Context. Point-of-care testing (POCT) is inherently spatial, that is, performed where needed, and intrinsically temporal, because it accelerates decision making. POCT efficiency and effectiveness have the potential to facilitate antimicrobial resistance (AMR) detection, decrease risks of co-infections for critically ill COVID-19 patients, and improve the cost-effectiveness of healthcare.
Objectives. To assess AMR identification using POCT, describe the United States AMR Diagnostic Challenge, and improve global standards of care for infectious diseases.
Data Sources PubMed, WWW, and other sources were searched for papers focusing on AMR and POCT. EndNote X9.1 (Clarivate Analytics) consolidated abstracts, URLs, and PDFs representing ~500 articles assessed for relevance. Panelist insights at Tri•Con 2020 in San Francisco and finalist POC technologies competing for a US $20,000,000 AMR prize are summarized.

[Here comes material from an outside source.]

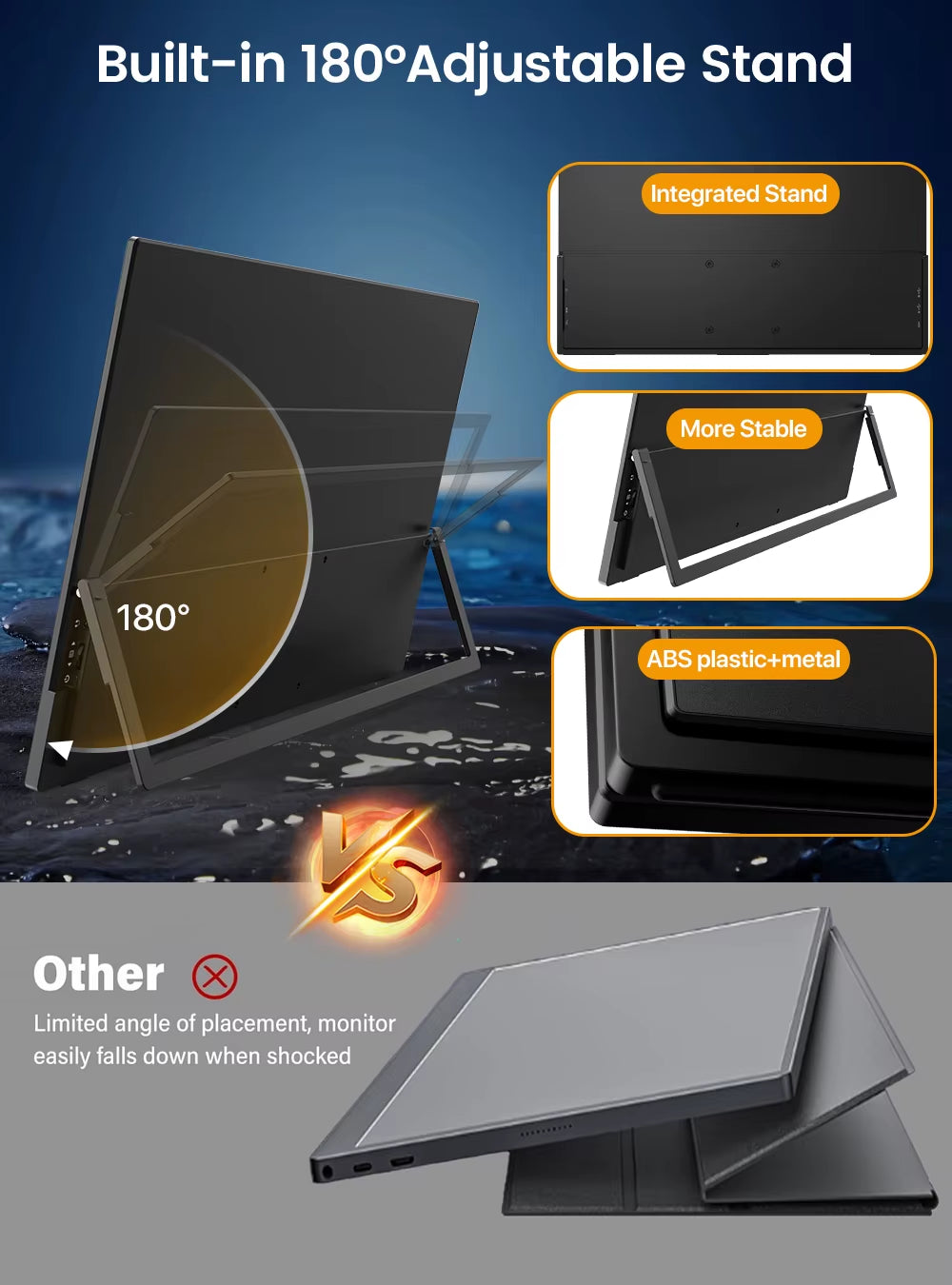 18.5" Computer Monitor IPS Touchscreen 120Hz Display FHD with Type C HDMI VESA Swivel Lift Bracket for Laptop PC Gaming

Conclusions. Co-infections represent high risks for COVID-19 patients. POCT potentially will help target specific pathogens, refine choices for antimicrobial drugs, and prevent excess morbidity and mortality. POC assays that identify patterns of pathogen resistance can help tell us how infected individuals spread AMR, where geospatial hotspots are located, when delays cause death, and how to deploy preventative resources. Shared AMR data “clouds” could help reduce critical care burden during pandemics and optimize therapeutic options, similar to use of antibiograms in individual hospitals. Multidisciplinary healthcare personnel should learn the principles and practice of POCT, so they can meet needs with rapid diagnostic testing. The stakes are high. AMR is projected to cause millions of deaths annually and cumulative financial loses in the trillions by 2050.
Portions of the content were introduced during an invited presentation at Tri•Con, Cambridge Healttech, San Francisco, California on March 3, 2020.
The author has no relevant financial interest in the products or companies described in this article.